◆ TASK DETAILS ◆
The lines to transcribe run from the top of the material below to the line with "New Year 2024", inclusive. Leave the pictures behind.

◆ DATA SECTION ◆
◇ ◇ ◇ ◇ ◇

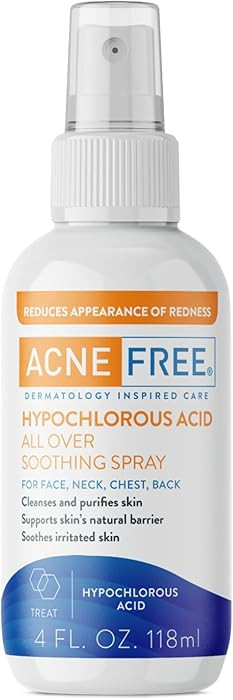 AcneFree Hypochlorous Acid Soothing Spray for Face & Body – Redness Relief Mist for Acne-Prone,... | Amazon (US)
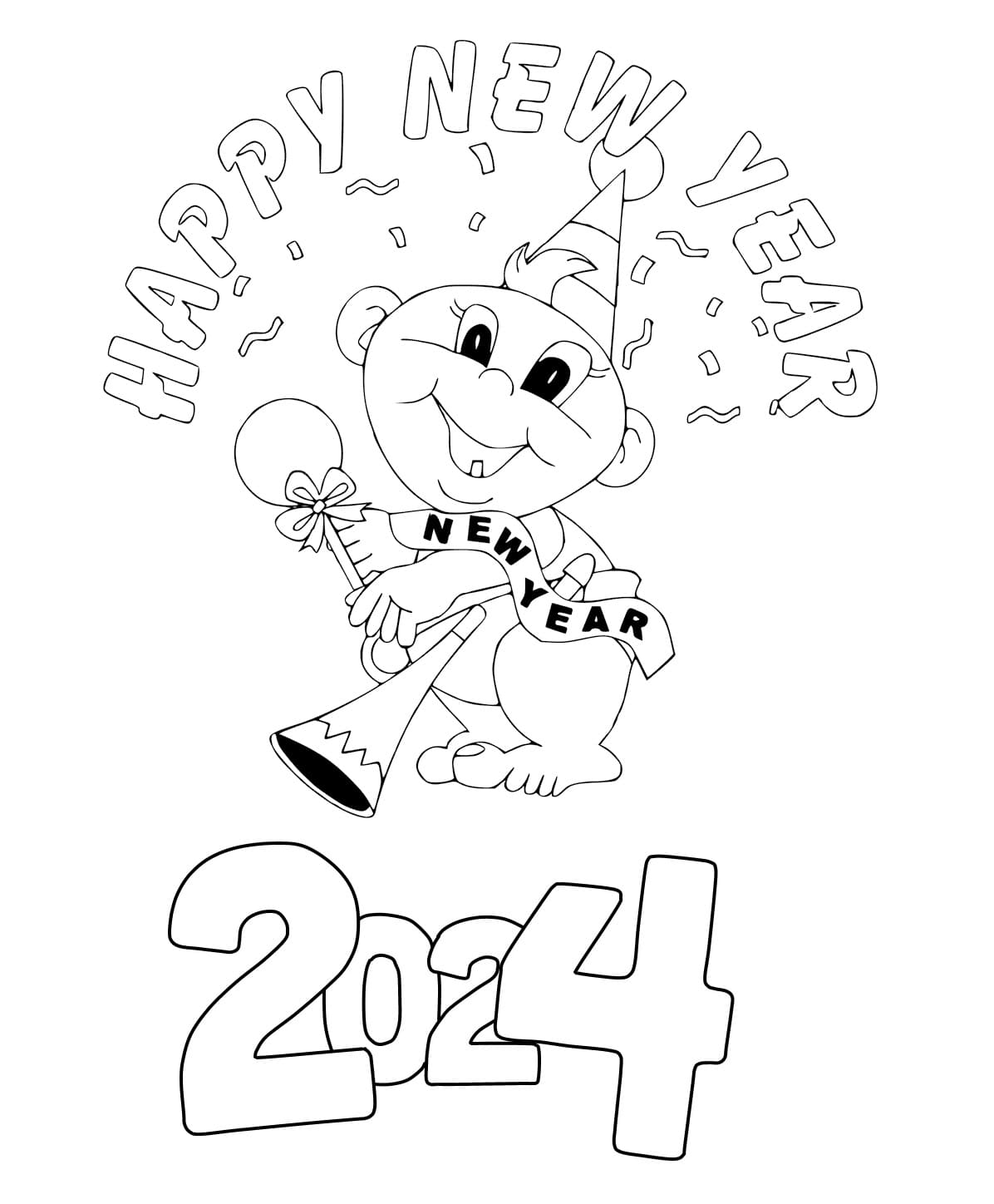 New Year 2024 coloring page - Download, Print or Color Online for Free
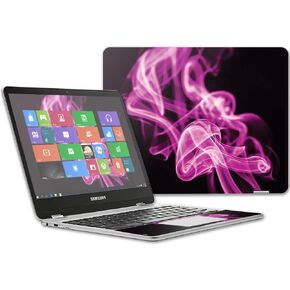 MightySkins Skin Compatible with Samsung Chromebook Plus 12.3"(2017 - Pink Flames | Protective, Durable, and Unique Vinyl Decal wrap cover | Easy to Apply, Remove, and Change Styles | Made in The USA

◇ ◇ ◇ ◇ ◇

◆ ANSWER TO THIS TASK ◆
 AcneFree Hypochlorous Acid Soothing Spray for Face & Body – Redness Relief Mist for Acne-Prone,... | Amazon (US)
 New Year 2024 coloring page - Download, Print or Color Online for Free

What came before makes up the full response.